Several naturally occurring
coumarins previously found to be potent inhibitors of mouse hepatic
ethoxyresorufin-O-deethylase (
EROD) and/or
pentoxyresorufin-O-dealkylase (
PROD) were examined for their effects on formation of
benzo[a]pyrene (B[a]P) and 7,12-dimethylbenz[a]
anthracene (DMBA)
DNA adducts in mouse epidermis, as well as, their effects on skin
tumor initiation by these
polycyclic aromatic hydrocarbons (PAH).
Bergamottin, a potent inhibitor of hepatic
EROD, given topically 5 min prior to an initiating dose of B[a]P, significantly decreased total covalent binding of B[a]P to
DNA in a dose-dependent manner 24 h
after treatment. A dose of 400 nmol
bergamottin reduced covalent binding of B[a]P by 72%.
Coriandrin, at a dose of 400 nmol also significantly reduced total covalent binding of B[a]P by 59%. In addition, formation of the major (+)anti-B[a]P-diol epoxide-N2-dGuo adduct was selectively reduced by both of these
coumarins. In contrast,
bergamottin and
coriandrin did not significantly decrease covalent binding of DMBA to epidermal
DNA at doses of either 400 nmol or 800 nmol.
Imperatorin and
isopimpinellin, which are more potent inhibitors of hepatic
PROD activity, significantly reduced overall binding of DMBA to epidermal
DNA by 67% and 52%, respectively, when applied at doses of 400 nmol. These two
coumarins also inhibited B[a]P-
DNA adduct formation at similar doses but to a lesser extent.
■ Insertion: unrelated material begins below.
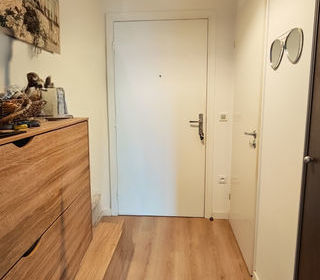  Appartement � vendre 3 pi�ces 64 m�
Imperatorin at a dose of 400 nmol dramatically decreased formation of covalent
DNA adducts derived from both the anti and syn diol
epoxides of DMBA.
Bergamottin was a potent inhibitor of
tumor initiation by B[a]P while
coriandrin was less effective in this regard.
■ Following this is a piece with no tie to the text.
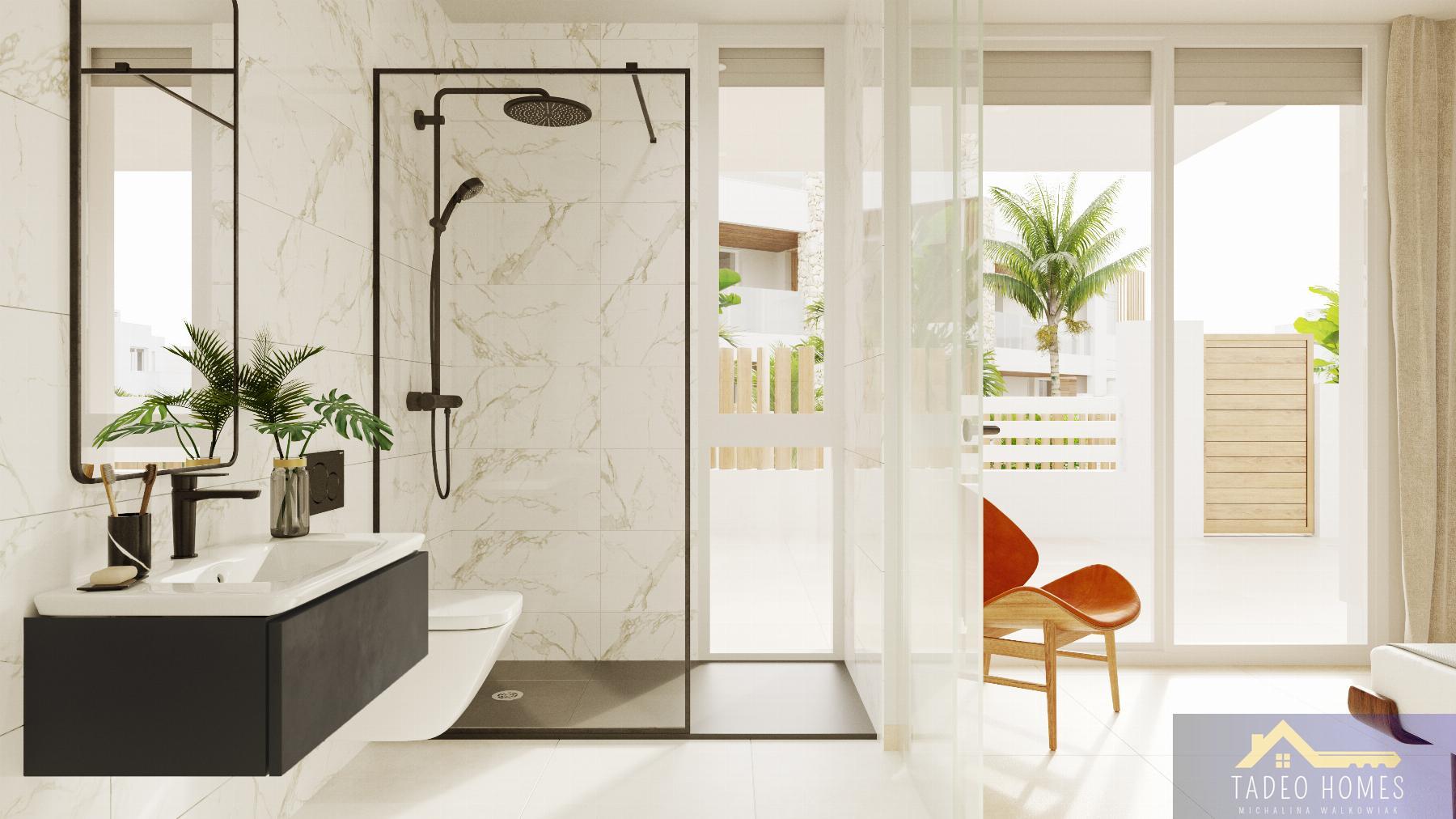 Venta de villa en San Juan de los Terreros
Imperatorin was an effective inhibitor of skin
tumor initiation by DMBA and also inhibited complete
carcinogenesis by this PAH. At dose levels higher than those effective against DMBA,
imperatorin also inhibited
tumor initiation by B[a]P. The results demonstrate that several naturally occurring
coumarins possess the ability to block
DNA adduct formation and
tumor initiation by PAHs such as B[a]P and DMBA. The mechanism for reduced
DNA adduct formation and
tumor initiation appears to involve inhibition of the P450s involved in the metabolic activation of these
hydrocarbons. Finally, the differential effects of certain
coumarins on B[a]P vs
DMBA DNA adduct formation and
tumor initiation may be useful for dissecting the role of specific
cytochromes P450 in their metabolic activation.